__Brief__. Among the entries below, one stretch runs from the line that contains "8g0536 SCARLET STREET" through the line that contains "Decoración luminosa Home". Repeat that stretch exactly, ends included, and only that.

__Information shown__.
========
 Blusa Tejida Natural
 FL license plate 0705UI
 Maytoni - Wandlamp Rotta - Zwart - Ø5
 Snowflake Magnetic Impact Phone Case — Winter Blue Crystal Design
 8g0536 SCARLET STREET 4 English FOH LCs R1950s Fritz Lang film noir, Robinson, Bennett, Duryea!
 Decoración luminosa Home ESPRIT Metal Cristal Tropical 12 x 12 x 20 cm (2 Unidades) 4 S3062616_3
========
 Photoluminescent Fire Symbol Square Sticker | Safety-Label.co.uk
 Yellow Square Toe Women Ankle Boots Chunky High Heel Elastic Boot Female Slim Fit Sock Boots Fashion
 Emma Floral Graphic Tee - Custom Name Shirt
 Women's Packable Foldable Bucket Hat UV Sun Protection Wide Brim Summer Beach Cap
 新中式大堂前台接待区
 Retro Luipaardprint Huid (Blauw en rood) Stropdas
========
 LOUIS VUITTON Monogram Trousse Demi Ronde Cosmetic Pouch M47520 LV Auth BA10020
========
__Response below__.
 8g0536 SCARLET STREET 4 English FOH LCs R1950s Fritz Lang film noir, Robinson, Bennett, Duryea!
 Decoración luminosa Home ESPRIT Metal Cristal Tropical 12 x 12 x 20 cm (2 Unidades) 4 S3062616_3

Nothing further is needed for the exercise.